Just as vision is one of the most important human senses for perceiving and interpreting stimuli from the surrounding environment, cameras allow mobile robots to interact safely and efficiently with their surroundings. For a robot, “seeing” means acquiring information through an optical sensor and processing it in real time to detect obstacles, recognize objects, and plan safe paths.
How a Camera Works
In general, different types of cameras operate on a similar principle: light reflected from an object is captured and converted into information (color intensity), which can then be processed by a computing unit. Structurally, this processing unit may be integrated into the camera or housed externally.
A camera typically consists of:
- Optics: lenses that direct light onto the sensor;
- Sensor: an electronic device that converts incoming light into an electrical signal;
- Processing Unit: the computational hardware used to process the sensor data.
Camera Technologies in Robotics: A Comparison
The main types of cameras used in robotics are:
- RGB cameras: capture images in Red-Green-Blue channels, corresponding to human-visible light;
- RGB-D cameras: provide color information plus per-pixel depth measurements;
- Multispectral cameras: capture images in multiple spectral bands beyond visible light, often including near-infrared.
Comparison Table
| Feature | RGB Camera (Monocular) | RGB-D Camera (Stereo) | Multispectral Camera (Monocular) |
| Ambient Lighting | Required | Not necessary if stereovision is active | Required |
| Cost | Low | Medium | High |
| 3D Reconstruction | No | Yes | Yes |
| Object/Person Detection | Yes | Yes | Yes |
| Vegetation Index | No | No | Yes |
This image shows an example of using a multispectral camera to calculate the NDVI vegetative index: the Normalized Difference Vegetation Index.

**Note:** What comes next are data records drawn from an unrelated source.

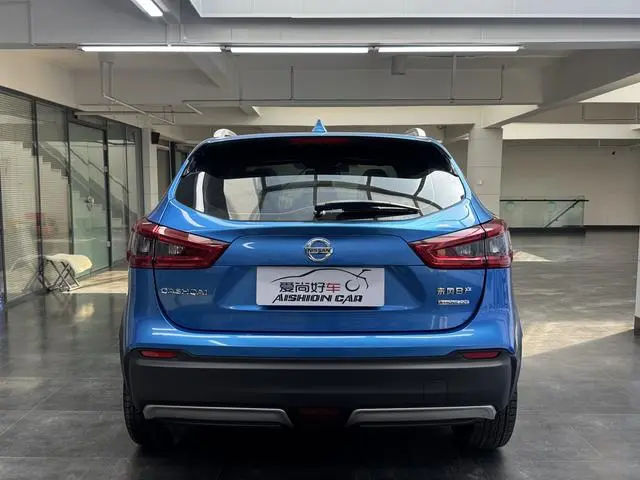 Nissan Qashqai 2.0L CVT Deluxe Edition
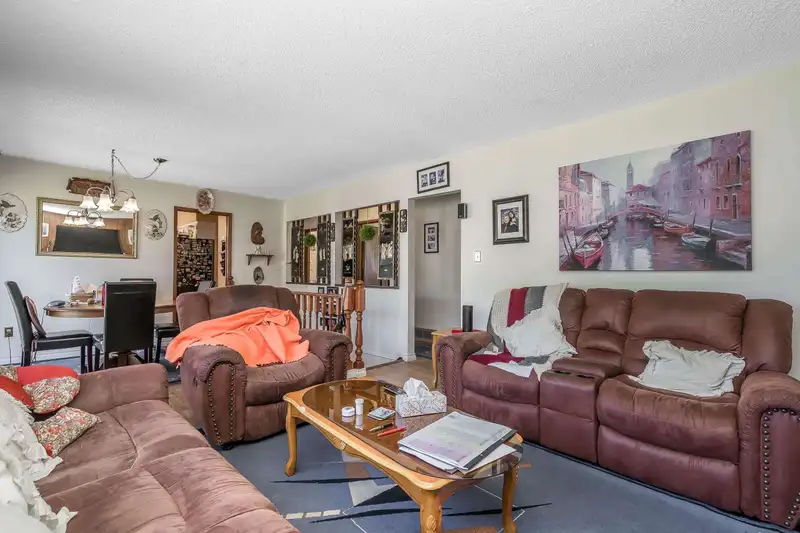 13282 97 AVENUE - photo 4 of 35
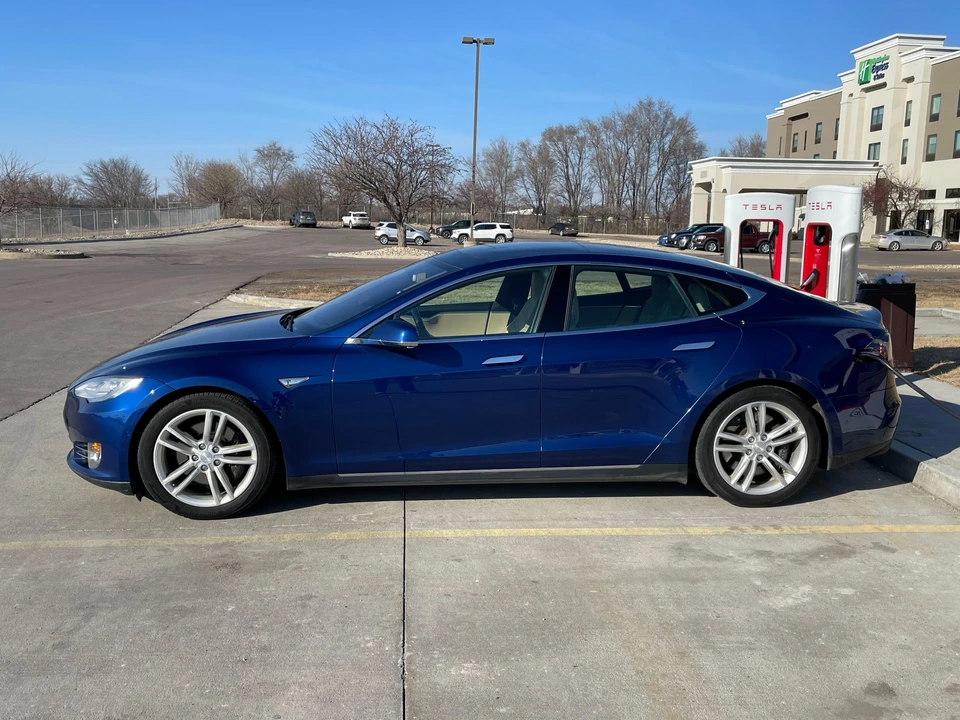 2015 Tesla Model S - Image 12 of 31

The color gradient from red to green represents the NDVI. The green represents the vineyard foliage.
Monocular and Stereoscopic Vision
Both approaches use similar cameras, but the main difference lies in depth perception.
- Monocular Vision: uses a single camera and cannot directly provide depth information. The resulting data is a 2D image of the environment, as with RGB and multispectral cameras.
- Stereo Vision (RGB-D): uses two or more cameras positioned at a known baseline distance to measure depth. By comparing disparities between images captured simultaneously by the sensors, the scene’s depth can be reconstructed through triangulation. There are also several types of commercially available cameras that perform a form of ‘active’ stereovision. In this case, no external light source is required, as the camera itself illuminates the scene using an infrared emitter.

Monocular Vision Applications
Object Recognition, Classification, and Segmentation
RGB images can be processed with computer vision algorithms to recognize objects in the scene (e.g., people, road signs, lane markings, obstacles).
This is particularly useful in mobile robotics, especially in logistics. A ground vehicle that can detect lane markings can use them as navigation references. Thus, a single camera can enable full autonomy.

Absolute Visual Localization for UAVs
In GPS-denied areas, UAVs must rely on other sensors to determine their position. Some methods use aerial RGB images compared with preloaded maps to calculate absolute position.
Stereoscopic Vision Applications
3D SLAM
Additional depth information from each pixel can generate point clouds of the observed scene. As the robot moves, the SLAM algorithm associates new point clouds with previous ones, calculating the trajectory while simultaneously building a 3D map. This is critical for autonomous navigation and obstacle avoidance. The resulting map contains not only the 3D structure but also semantic information, allowing the robot to identify and label objects such as chairs, tables, walls, or people.
3D People Detection
RGB images are used to detect people using computer vision algorithms, such as neural networks. This information, combined with the point cloud, determines 3D positions for monitoring potentially hazardous areas. This application uses a Sick Visionary B stereo camera to capture RGB images and point clouds, processed by an NVIDIA Jetson Orin GPU for person detection and positioning. Monitoring zones are color-coded (red, orange, yellow).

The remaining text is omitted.